On Tue, Jun 30, 2009 at 12:56 PM, Aryeh GregorSimetrical+wikilist@gmail.com wrote:
On Tue, Jun 30, 2009 at 12:16 PM, Brion Vibberbrion@wikimedia.org wrote:
- PHP
Advantage: Lots of webbish people have some experience with PHP or can easily find references.
Advantage: we're pretty much guaranteed to have a PHP interpreter available. :)
Disadvantage: PHP is difficult to lock down for secure execution.
I think it would be easy to provide a very simple locked-down version, with most of the features gone. You could, for instance, only permit variable assignment, use of built-in operators, a small whitelist of functions, and conditionals. You could omit loops, function definitions, and abusable functions like str_repeat() (let alone exec(), eval(), etc.) from a first pass. This would still be vastly more powerful, more readable, and faster than ParserFunctions.
Hopefully, we could make this secure enough for your average shared-host website to run it by default with no special measures taken and without much risk. Installations with more access and higher security requirements, like Wikimedia, could shell out to a process that's sandboxed on the OS level to be on the safe side. I'd like to hear what Tim thinks about the possibility of securing PHP like this.
Of course, PHP is evil, and supporting it sucks. :( But if we *really* *really* need to support users who can't shell out to other programs, I think it's the only real language that's a feasible solution.
I'd encourage you to consider requiring exec() support for full use of Wikipedia templates, though. Many really big shared hosts allow it, like 1and1.com. Anyone big enough to include much Wikipedia content will likely be on at least a VPS anyway. And if your host doesn't support exec(), then at *worst* you can still get the articles in a totally usable form -- just run Special:ExpandTemplates on all the article's templates. You can then transclude those on a per-article basis; we could update Special:Export to make this easier. The only problem in this case would be that you can't easily change the formatting of all the templates at once -- but such a small site would likely have few enough articles to do it by hand, if they even want to.
I think saying that users without exec() support get to use Wikipedia content in a somewhat less usable form would be just fine, and it would *really* open up our options. We could support basically any programming language in that case.
- Python
Advantage: A Python interpreter will be present on most web servers, though not necessarily all. (Windows-based servers especially.)
Wash: Python is probably better known than Lua, but not as well as PHP or JS.
Disadvantage: Like PHP, Python is difficult to lock down securely.
It doesn't matter whether it's present, does it? If the user has exec() support, they could download a binary interpreter for *any* language to their webspace and run it from there regardless of whether the language is supported on the host. So Python is on exactly the same level as Lua here.

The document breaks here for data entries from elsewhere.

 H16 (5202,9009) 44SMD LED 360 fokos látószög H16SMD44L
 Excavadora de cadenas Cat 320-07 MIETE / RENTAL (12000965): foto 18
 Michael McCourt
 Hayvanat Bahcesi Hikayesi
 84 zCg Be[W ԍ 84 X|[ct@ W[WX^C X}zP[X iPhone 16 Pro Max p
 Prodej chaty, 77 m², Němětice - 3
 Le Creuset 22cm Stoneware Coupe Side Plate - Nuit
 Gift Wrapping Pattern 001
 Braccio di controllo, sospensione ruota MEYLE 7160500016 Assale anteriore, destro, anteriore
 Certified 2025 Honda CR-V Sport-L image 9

Much though I love Python, Lua looks like the better option. First of all, it's *very* small. sudo apt-get install lua50 on my machine uses up only 180 KB of disk space, and the package is 30 KB gzipped. Our current tarballs are 10 MB; we could easily just chuck in Lua binaries for Linux x86-32 and Windows without even noticing the size increase, and allow users to enable it with one line in LocalSettings.php. By contrast, python2.6 is around 10 MB uncompressed, 2.5 MB compressed. Perl is twice that size. Windows users, or users with exec() allowed but open_basedir preventing access to /usr/bin, would have to obtain Python/Perl/etc. themselves.

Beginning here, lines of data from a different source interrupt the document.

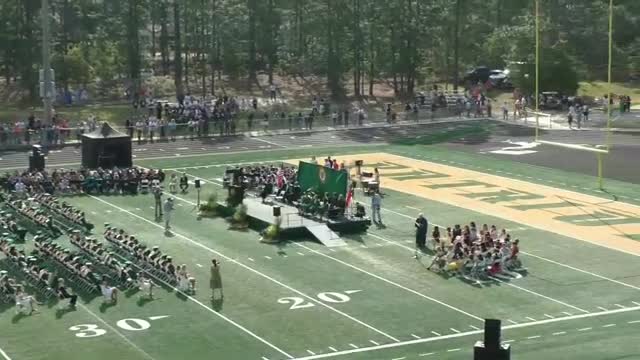 Principal celebrates Pinecrest High School class of 2025 during graduation ceremony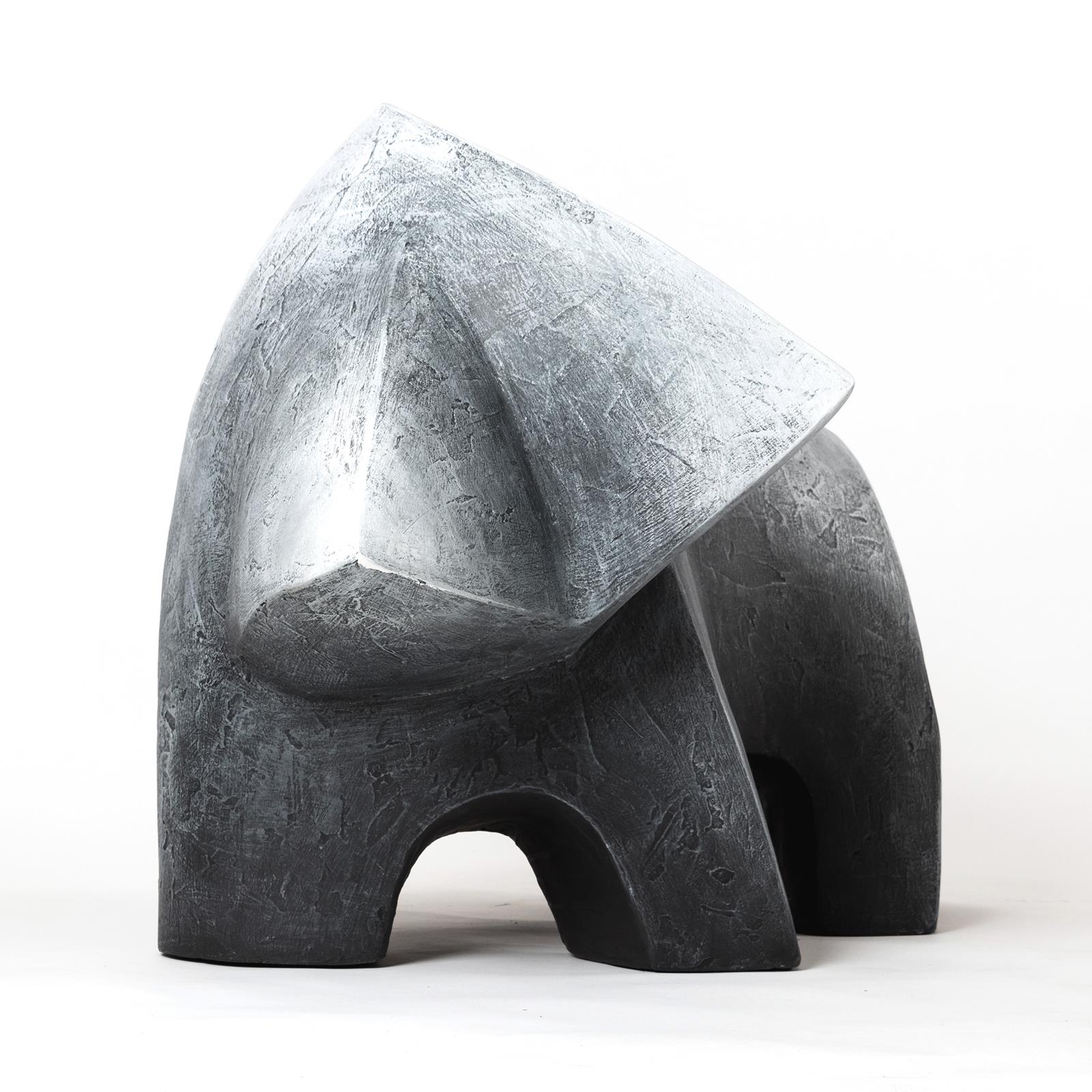 60x103x74cm, beton, 2017.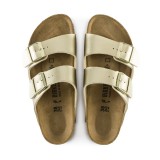 Γυναικεία Σανδάλια Χρυσά - Birkenstock Arizona Εικόνα 2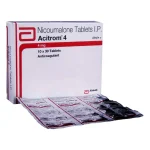 ACITROM 4MG TAB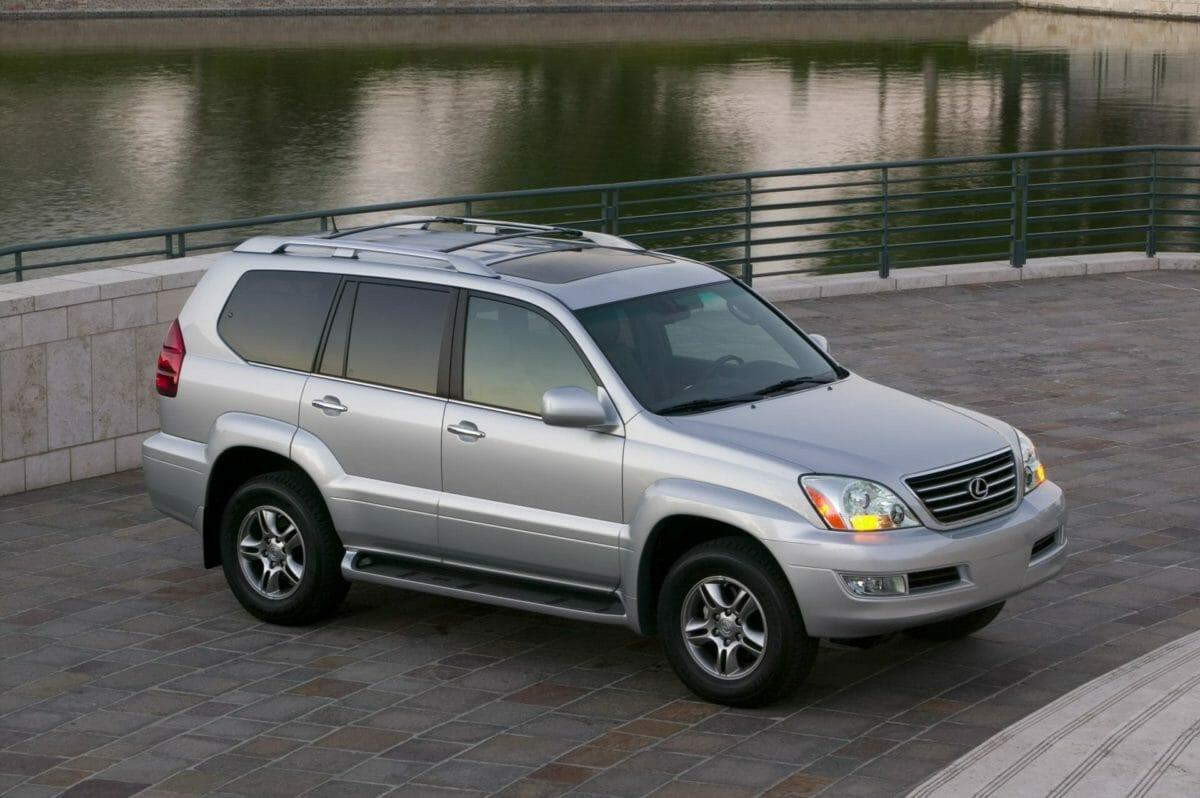 Lexus GX 2008 470 - Foto de Lexus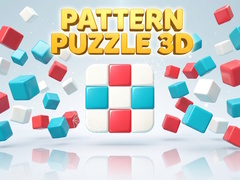 Παιχνίδι Pattern Puzzle 3D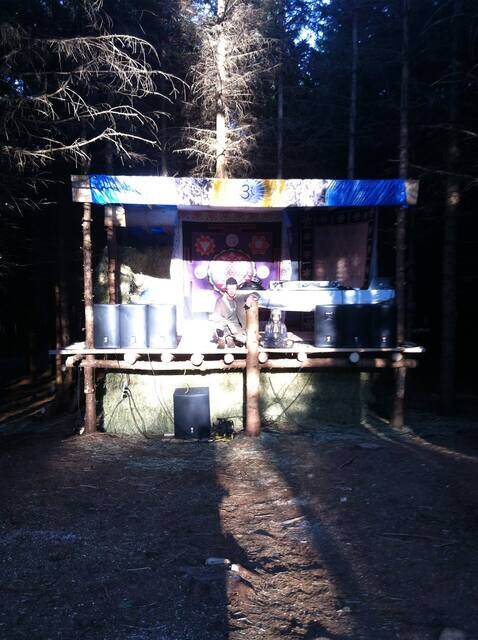 Earthdance 2012, 3e édition, 21 septembre 2012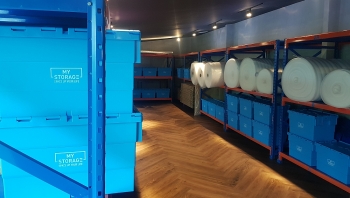 MyStorage - dịch vụ cho thuê không gian mini hỗ trợ miễn phí cho start-ups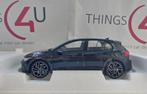 Norev 1:18 Volkswagen Golf 8 GTi zwart metallic nieuw, Ophalen of Verzenden, Nieuw, Auto, Norev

It looks to me like Lua would be a lot easier to sandbox. It seems pretty simple to deny all I/O within the language itself, so you'd (hopefully) just need memory and CPU limits. Both of those could be implemented on Linux with hard setrlimit() values plus nice. Similar things exist on Windows, hopefully accessible by command line somehow. If we're shipping binaries with MediaWiki, we could even hack the code if necessary, to use whatever sandboxing mechanisms the OS makes available, although hopefully that would be unneeded.
I don't think we should fixate too much on how many people know the language. It's not hard to pick up a new language if you already know one, and Lua has the reputation of being simple (although I haven't tried to learn it). I think Lua is the best option here.

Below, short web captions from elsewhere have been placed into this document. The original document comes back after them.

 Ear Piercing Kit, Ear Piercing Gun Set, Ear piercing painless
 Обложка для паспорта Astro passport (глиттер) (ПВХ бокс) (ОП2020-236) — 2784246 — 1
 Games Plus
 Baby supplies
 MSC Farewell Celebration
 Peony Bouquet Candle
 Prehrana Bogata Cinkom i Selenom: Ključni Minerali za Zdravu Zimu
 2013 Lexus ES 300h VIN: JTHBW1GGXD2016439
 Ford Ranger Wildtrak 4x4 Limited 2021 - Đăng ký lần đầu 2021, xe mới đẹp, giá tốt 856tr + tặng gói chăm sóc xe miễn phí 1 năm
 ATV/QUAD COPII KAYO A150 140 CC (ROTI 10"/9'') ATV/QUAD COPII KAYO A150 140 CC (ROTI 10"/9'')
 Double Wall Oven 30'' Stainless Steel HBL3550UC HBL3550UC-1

Wikitech-l mailing list Wikitech-l@lists.wikimedia.org https://lists.wikimedia.org/mailman/listinfo/wikitech-l
In addition to resource limits, any scheme better make sure what's passed into the programming language and what's passed out makes sense. For example, you shouldn't have it generating raw HTML and probably shouldn't let it mess with strip markers. Some of this may be automatic depending how it's integrated into the parser. One would probably also want to limit the size of an allowed output (e.g. don't let it send 5 MB to the user). Depending on the integration there may be other control sequences that one needs to catch when it returns as well.
On a separate point, one of the limitations of stand-alone type sandboxes is that it would make it harder for the code to call other template pages. One of the few virtues of the current template code is that it is relatively modular, with more complex templates being built out of less complex ones. If this programming language is meant to replace that then it would also need to be able to reference the results of other template pages. One solution is to pre-expand those sections (similar to what is done now, I believe), but that can get rather delicate once one has programming constructs like variable assignments, looping, and recursion since the template parameters won't necessarily be fixed at the Preprocessor stage.
-Robert Rohde